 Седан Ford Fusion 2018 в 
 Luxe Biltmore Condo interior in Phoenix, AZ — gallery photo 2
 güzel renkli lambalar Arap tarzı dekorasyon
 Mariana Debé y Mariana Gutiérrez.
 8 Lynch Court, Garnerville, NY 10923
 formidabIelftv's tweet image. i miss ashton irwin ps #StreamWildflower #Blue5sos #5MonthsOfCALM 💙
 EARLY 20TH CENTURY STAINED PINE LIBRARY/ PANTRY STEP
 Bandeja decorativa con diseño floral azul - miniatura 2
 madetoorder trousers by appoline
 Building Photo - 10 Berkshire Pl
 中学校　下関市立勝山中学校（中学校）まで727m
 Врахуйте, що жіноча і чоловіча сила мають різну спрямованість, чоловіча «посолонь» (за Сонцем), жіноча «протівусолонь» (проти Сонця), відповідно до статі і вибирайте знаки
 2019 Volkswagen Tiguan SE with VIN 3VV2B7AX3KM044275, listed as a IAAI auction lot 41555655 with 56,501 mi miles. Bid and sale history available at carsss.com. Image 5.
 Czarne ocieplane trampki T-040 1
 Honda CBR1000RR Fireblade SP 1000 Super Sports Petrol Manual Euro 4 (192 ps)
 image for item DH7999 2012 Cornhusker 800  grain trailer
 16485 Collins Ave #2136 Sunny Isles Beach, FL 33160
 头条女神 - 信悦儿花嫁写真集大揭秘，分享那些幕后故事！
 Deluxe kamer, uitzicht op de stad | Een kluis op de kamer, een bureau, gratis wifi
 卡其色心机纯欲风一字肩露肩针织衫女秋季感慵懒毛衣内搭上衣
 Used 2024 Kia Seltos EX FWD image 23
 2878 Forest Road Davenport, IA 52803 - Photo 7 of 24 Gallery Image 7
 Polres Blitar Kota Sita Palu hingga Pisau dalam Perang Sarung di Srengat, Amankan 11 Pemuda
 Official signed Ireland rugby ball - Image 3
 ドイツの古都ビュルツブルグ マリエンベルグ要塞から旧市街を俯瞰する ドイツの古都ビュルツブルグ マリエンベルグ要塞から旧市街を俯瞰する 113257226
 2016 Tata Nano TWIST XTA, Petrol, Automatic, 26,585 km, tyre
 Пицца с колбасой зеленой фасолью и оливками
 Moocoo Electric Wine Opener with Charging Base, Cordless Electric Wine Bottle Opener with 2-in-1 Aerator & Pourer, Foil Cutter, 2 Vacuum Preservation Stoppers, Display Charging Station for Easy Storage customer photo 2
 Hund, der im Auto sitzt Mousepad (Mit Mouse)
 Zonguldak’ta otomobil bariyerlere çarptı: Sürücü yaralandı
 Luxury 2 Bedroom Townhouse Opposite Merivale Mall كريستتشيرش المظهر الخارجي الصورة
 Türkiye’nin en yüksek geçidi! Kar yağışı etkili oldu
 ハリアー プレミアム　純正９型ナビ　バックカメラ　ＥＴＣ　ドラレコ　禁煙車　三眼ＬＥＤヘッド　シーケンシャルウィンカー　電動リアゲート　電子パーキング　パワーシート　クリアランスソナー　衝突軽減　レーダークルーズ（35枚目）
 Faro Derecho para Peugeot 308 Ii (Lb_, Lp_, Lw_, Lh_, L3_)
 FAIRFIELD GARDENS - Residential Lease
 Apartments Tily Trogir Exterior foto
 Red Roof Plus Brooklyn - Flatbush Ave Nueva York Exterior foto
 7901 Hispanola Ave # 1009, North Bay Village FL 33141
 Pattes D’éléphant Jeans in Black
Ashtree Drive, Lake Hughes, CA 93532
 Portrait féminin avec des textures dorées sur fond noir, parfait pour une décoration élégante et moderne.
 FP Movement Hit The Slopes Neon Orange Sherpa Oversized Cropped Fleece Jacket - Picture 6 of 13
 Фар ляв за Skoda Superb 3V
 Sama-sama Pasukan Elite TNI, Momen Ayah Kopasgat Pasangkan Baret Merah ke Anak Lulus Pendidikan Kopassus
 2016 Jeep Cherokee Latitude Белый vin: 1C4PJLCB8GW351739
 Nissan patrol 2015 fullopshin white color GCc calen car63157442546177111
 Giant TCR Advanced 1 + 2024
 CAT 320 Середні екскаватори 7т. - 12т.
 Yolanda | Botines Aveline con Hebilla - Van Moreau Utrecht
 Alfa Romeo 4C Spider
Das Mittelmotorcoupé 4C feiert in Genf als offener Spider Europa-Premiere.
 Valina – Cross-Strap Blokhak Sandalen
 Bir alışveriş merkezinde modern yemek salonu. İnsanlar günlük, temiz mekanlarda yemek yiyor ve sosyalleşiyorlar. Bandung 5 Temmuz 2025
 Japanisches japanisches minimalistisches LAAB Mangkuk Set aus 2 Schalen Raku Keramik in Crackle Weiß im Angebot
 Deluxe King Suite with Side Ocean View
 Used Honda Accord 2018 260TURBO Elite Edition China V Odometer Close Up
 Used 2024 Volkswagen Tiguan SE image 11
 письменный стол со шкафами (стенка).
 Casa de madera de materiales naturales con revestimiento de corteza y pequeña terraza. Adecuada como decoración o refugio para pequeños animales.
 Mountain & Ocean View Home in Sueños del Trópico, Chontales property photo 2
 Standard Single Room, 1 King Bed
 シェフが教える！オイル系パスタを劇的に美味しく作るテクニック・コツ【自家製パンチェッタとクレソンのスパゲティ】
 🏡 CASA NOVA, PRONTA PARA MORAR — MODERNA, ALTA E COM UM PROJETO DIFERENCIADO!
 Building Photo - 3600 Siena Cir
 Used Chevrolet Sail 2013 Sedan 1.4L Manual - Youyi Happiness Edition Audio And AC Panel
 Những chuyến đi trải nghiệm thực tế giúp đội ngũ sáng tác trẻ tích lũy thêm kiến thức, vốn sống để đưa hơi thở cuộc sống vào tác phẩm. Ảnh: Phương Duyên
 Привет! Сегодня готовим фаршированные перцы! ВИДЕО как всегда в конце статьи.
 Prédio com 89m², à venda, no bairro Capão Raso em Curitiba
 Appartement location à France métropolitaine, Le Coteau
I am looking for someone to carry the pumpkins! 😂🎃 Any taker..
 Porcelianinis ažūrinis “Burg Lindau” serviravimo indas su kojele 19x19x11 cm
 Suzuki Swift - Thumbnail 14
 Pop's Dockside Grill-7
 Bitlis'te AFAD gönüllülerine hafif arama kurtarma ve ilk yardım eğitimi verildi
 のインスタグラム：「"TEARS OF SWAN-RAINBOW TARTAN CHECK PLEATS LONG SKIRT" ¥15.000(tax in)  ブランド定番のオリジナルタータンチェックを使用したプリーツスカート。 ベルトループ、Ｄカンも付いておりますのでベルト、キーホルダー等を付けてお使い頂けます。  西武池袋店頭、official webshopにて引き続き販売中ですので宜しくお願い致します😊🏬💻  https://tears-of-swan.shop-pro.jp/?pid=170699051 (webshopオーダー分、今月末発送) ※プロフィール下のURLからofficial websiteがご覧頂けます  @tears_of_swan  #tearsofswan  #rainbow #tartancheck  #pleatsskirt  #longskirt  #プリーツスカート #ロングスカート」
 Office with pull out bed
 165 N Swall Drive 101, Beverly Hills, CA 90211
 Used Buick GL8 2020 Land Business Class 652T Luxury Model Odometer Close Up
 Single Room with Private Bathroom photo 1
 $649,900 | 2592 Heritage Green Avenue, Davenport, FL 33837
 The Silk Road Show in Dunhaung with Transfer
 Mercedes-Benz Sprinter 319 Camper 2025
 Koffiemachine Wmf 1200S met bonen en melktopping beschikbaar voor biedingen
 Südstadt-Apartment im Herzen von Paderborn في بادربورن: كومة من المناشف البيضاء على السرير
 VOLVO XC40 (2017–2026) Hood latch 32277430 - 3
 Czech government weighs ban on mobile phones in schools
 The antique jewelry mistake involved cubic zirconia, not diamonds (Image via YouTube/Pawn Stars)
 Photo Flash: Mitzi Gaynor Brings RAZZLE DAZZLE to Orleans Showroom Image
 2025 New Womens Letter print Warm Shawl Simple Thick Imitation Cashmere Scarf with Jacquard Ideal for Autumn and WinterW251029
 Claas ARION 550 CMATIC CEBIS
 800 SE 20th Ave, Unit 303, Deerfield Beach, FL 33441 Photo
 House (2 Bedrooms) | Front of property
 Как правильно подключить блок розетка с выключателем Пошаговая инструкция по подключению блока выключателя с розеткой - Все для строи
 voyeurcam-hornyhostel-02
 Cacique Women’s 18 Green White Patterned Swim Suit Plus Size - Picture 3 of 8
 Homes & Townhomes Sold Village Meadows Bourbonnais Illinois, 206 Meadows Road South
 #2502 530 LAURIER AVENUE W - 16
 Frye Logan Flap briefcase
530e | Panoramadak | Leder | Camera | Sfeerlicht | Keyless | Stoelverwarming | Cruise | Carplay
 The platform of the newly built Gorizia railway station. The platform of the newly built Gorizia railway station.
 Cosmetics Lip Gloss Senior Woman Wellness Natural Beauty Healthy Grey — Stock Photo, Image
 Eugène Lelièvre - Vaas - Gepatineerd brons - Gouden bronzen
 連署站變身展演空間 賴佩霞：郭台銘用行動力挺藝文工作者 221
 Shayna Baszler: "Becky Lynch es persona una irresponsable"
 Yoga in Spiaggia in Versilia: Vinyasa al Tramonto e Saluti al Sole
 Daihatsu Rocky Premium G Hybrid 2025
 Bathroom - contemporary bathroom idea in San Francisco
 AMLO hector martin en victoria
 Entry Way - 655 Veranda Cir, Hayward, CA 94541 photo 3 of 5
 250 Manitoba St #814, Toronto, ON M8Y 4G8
+--
* Task objective *
The expected result is a copy of each line in the records where "Close" appears.

* Worked solution *
 Used Honda Accord 2018 260TURBO Elite Edition China V Odometer Close Up
 Used Buick GL8 2020 Land Business Class 652T Luxury Model Odometer Close Up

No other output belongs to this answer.